There wasn’t room for all of us on the shoddy wooden breakfast nook, so in true hippie style, we sat on a blanket on the floor, the gravy seeping out from under our paper plates and onto our knees. There were nine of us in all — some recently introduced, others former dorm-mates, assorted acquaintances — but there could have been ten. Earlier that evening, in light of a slight cooking mishap, I had knocked on arbitrary neighbor’s doors in order to ask a favor. At the end of what appeared to be a futile quest, an obliging Peter answered, alone and turkey-less, and thoughtfully let us borrow his oven. We invited him to Vagabond Thanksgiving but he graciously declined. We left him a piece of pumpkin bread outside his door instead.
I couldn’t quite call everyone around me family, but it didn’t seem to matter. After all, to a college student, the idea of home grows increasingly more vague. It is only a matter of time before kitchens and playgrounds become replaced by the familiarity of a dorm room or the habitual briskness of a walk from Kresge to Tech. I, too, was often victim to the careless slip of the tongue, expressing the statement, “I’m staying home” when literally meaning, “I’m staying at Northwestern.” A slip no less, but perhaps not so careless.

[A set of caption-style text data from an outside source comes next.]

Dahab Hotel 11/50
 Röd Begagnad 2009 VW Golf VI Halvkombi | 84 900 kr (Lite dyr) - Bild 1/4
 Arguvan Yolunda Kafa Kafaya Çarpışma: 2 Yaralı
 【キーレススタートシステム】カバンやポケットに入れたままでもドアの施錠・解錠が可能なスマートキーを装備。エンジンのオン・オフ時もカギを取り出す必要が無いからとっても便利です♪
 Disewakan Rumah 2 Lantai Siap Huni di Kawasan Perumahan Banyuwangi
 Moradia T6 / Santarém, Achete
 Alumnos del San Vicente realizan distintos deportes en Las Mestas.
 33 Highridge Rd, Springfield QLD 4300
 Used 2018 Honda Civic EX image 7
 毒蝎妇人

Sitting there, devouring dinner rolls, weighing the pros and cons of white versus dark meat, it wasn’t really an issue that we knew neither everyone’s major nor the name of everyone’s high school. Those small-talk staples obviously made appearances, but before it was time for seconds we had penetrated most of the superficial prattle. No, there weren’t any staggering philosophical dialogues this Thanksgiving; I did not forge miraculous, eternal friendships. Instead, there was more so a kind of unadorned comfort. Maybe it was because we had each unabashedly dug our hands into a bird carcass. Maybe it was because we listened to Passion Pit while scrubbing the dishes. Maybe it was because we could come together with the communal knowledge that we were all just a little bit abandoned.
Moonlight snuck through the blinds and drumsticks were playfully contested, and nothing really extraordinary happened at all. But maybe that was all we needed, maybe that’s all anyone ever needs.
This Thanksgiving, I’m content to be immersed in these simple things. I’m thankful for friends who get my stupid sense of humor, for surprise desserts left behind by strangers, and for cranberry sauce out of a can. And of course, I’m thankful for Jewel Osco, the rain, and the twisted, childlike pleasure that comes from carrying a turkey in a Beck’s bag down Chicago Avenue.